A question on vertical spring mass systems 
For a given mass attached to a vertical spring (near the surface of the earth), how do we know that the equilibrium point is halfway between its oscillation? (Let the height at the bottom of oscillation = 0.)

What I know:
At the equilibrium point, acceleration = 0, so $mg=kx$, where $x$ is the displacement between point of release and point of equilibrium.
How can I move on from here?
 A: If the mass was displaced a further distance $dx$ so the extension is $x+\delta x$ then the restoring force is $F = k(x+\delta x) - mg = kx + k \delta x -kx = k\delta x$
towards the equilibrium position.
The restoring force is proportional to the distance from the equilibrium position and that's the condition for SHM.

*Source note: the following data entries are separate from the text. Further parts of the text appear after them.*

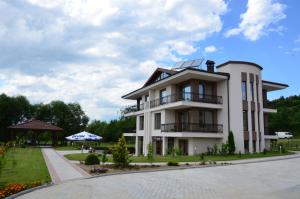 a white house with a solarium on top of it at Guesthouse Green Fields in Garmen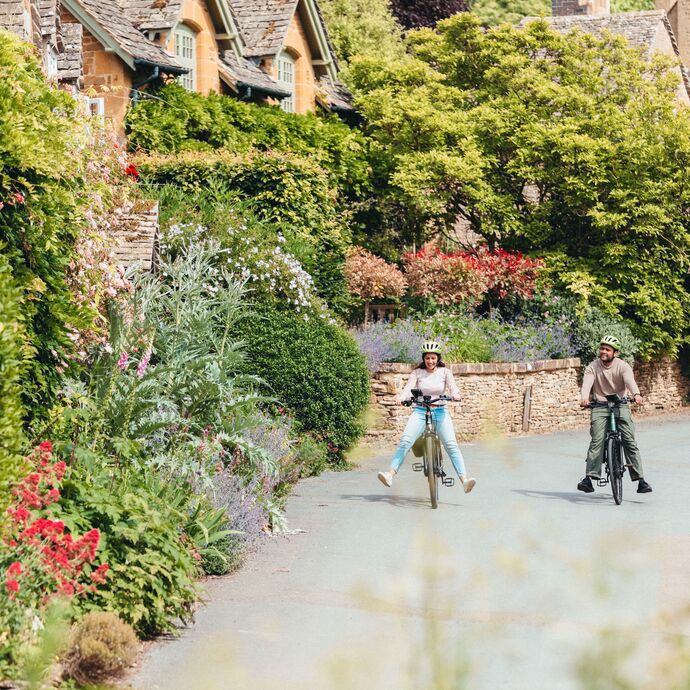 A couple cycling through the Cotswolds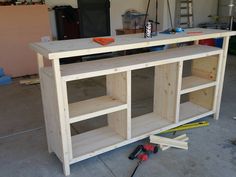 an unfinished entertainment center being built in a garage with tools on the floor next to it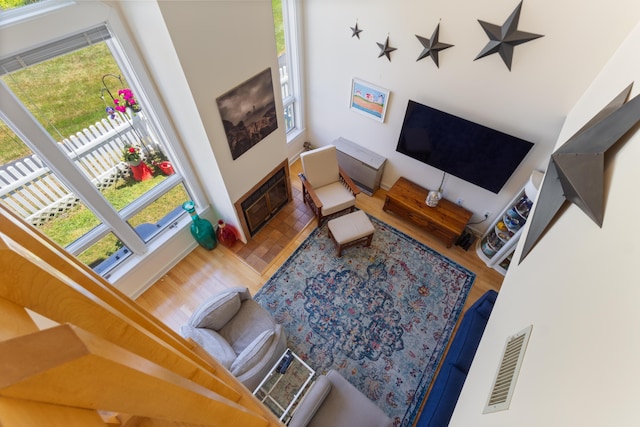 36 Ocean House Way Unit E4, York, ME 03909 - living room with healthy amount of natural light, wood finished floors, and a high ceiling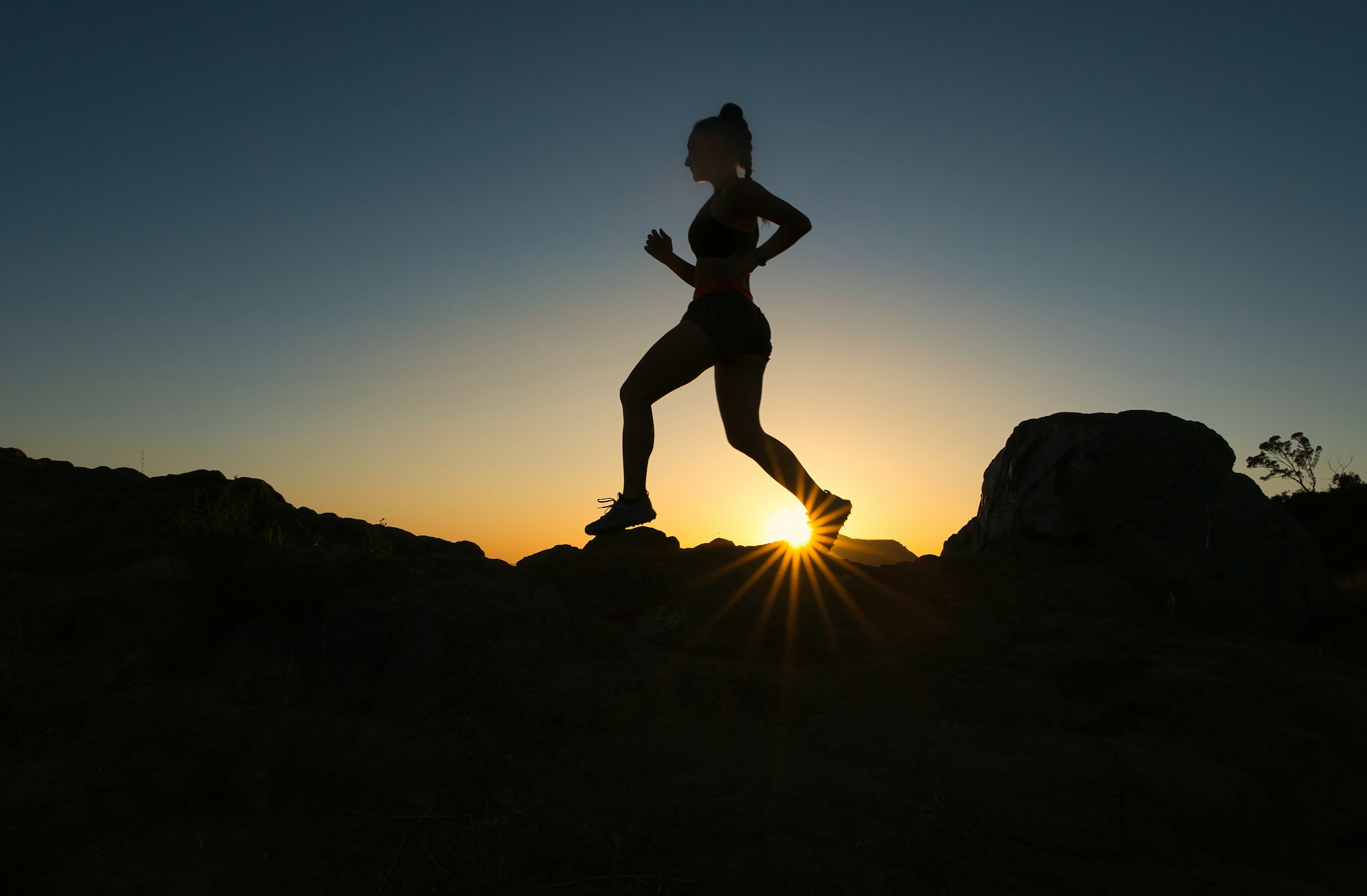 Person jogging outdoors in morning light with a healthy gut concept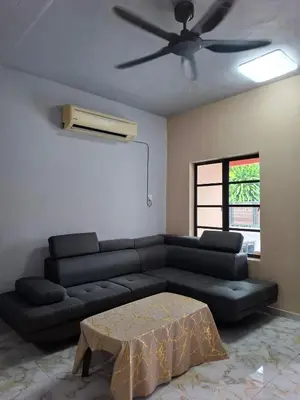 a living room with a black couch and a ceiling fan at Family Homestay Bidor in Gua Sai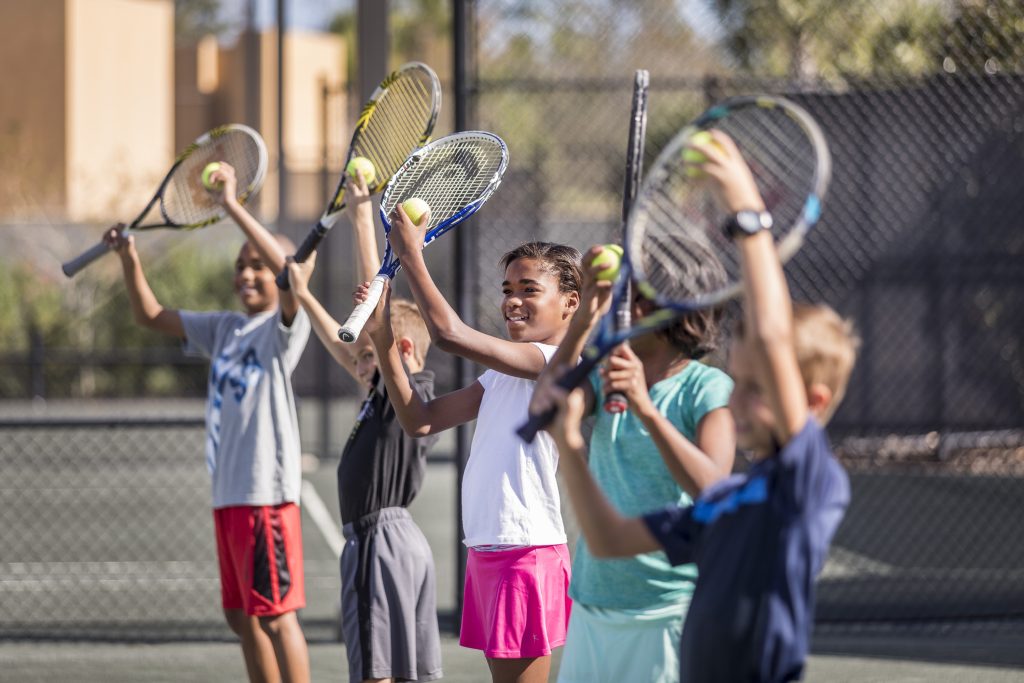 Children participate in a tennis camp at Four Seasons Resort Nevis, happily holding rackets and tennis balls.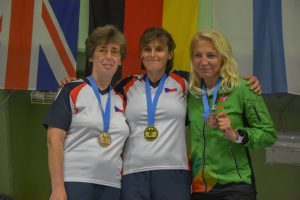 Trys moterys dėvinčios bronzos, sidabro bei aukso medalį stovi greta viena kitos
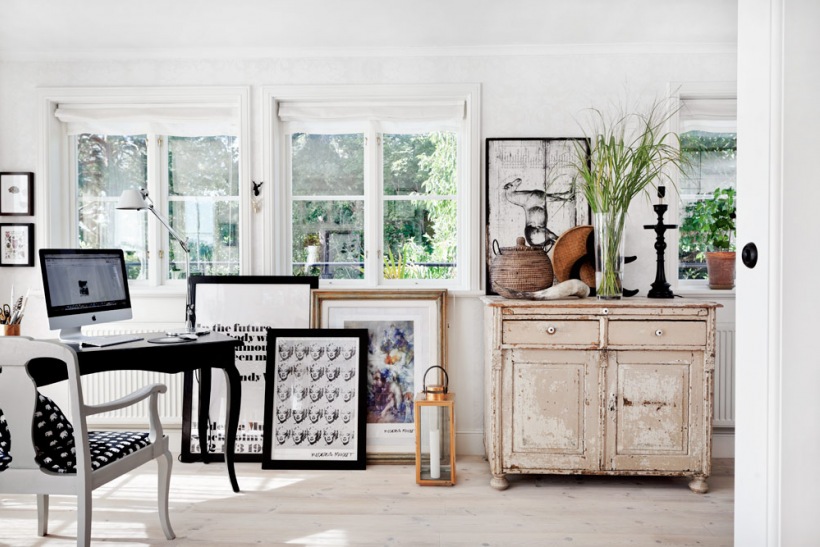 Czarna stylowa konsolka i białe krzesło w stylu francuskim,komoda vintage,typogeafie i grafiki stojace na podłodze w aranżacji otwartego salonu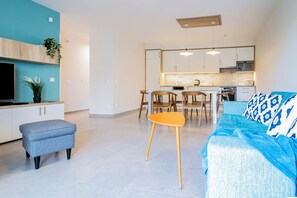 A modern living room with a sofa, ottoman, and a dining area with chairs and a table.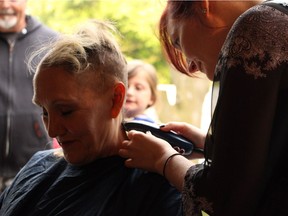 D.J. Meadows has her head shaved by her daughter, Shannon Murray, prior to her major eight-hour brain surgery called deep brain stimulation in June 2016.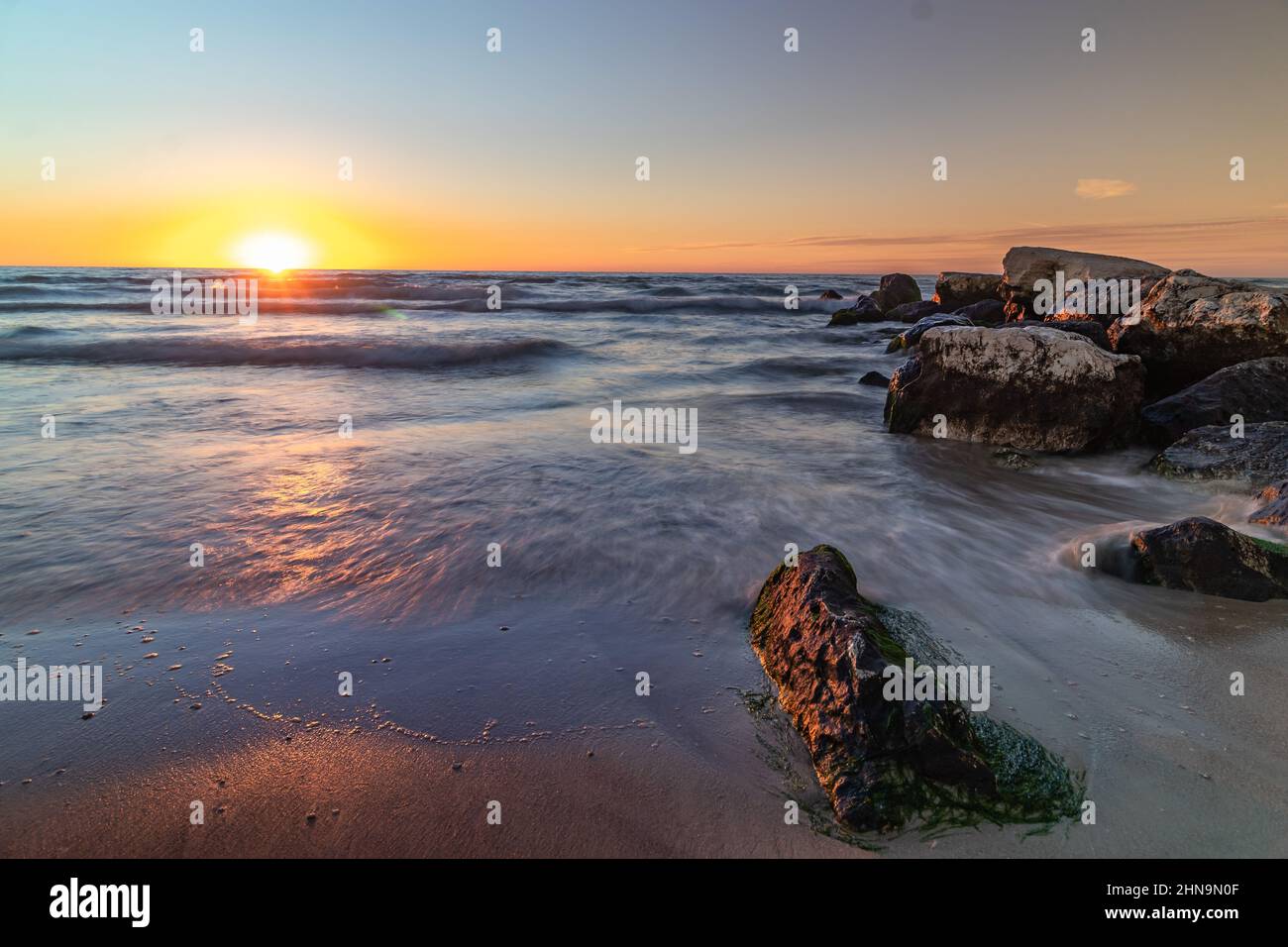 Vue large à angle bas des vagues qui s'écrasant sur les rochers au coucher du soleil sur la mer Poleg Beach Israël. Banque D'Images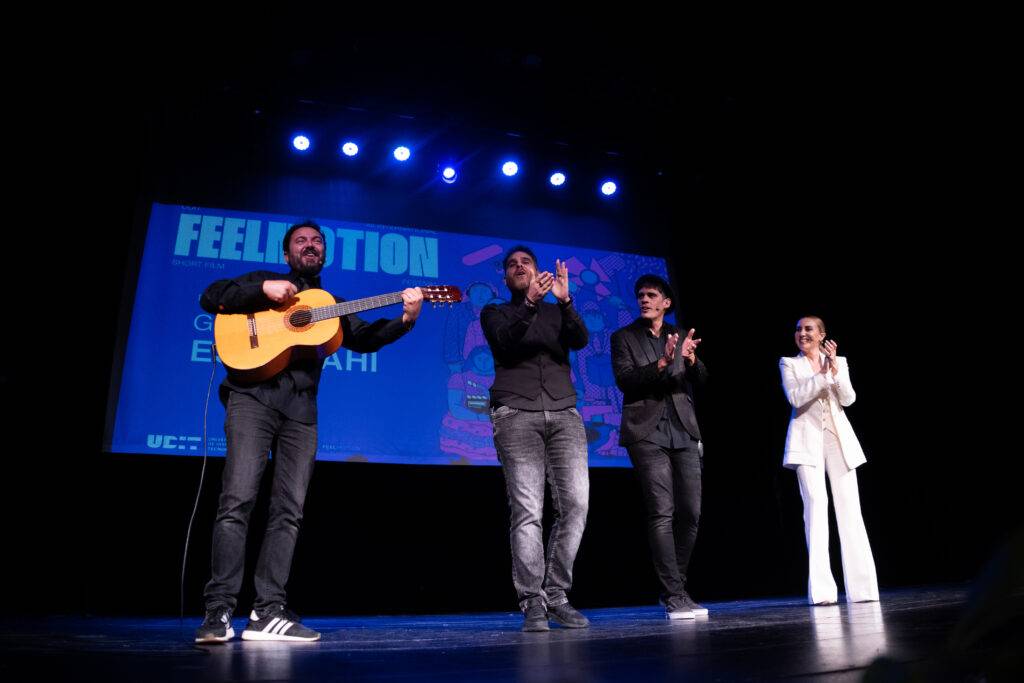 Un grupo de músicos actuando en un escenario mientras el público aplaude.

In SHM the extremes of the oscillation are equally spaced either side of the equilibrium position.
A: Overall you have made the problem more difficult by making the statement Let the height at the bottom of oscillation = 0.  Choosing the datum as the equilibrium position is the more usual way.
In the way you have formulated the question the diagram below shows: the unextended spring (natural length), the system (spring & mass) at equilibrium, the system when the mass is highest (Up) and the system when the mass is lowest (Down).

Equation energies at the very top and the very bottom gives,  $mg(y+y_0) + \frac 12 k (x-Y)^2 = \dfrac 12 k (x+y_0)^2$ which together with $mg = kx$ will produce the result that $Y=y_0$ ie the motion is symmetrical about the equilibrium position.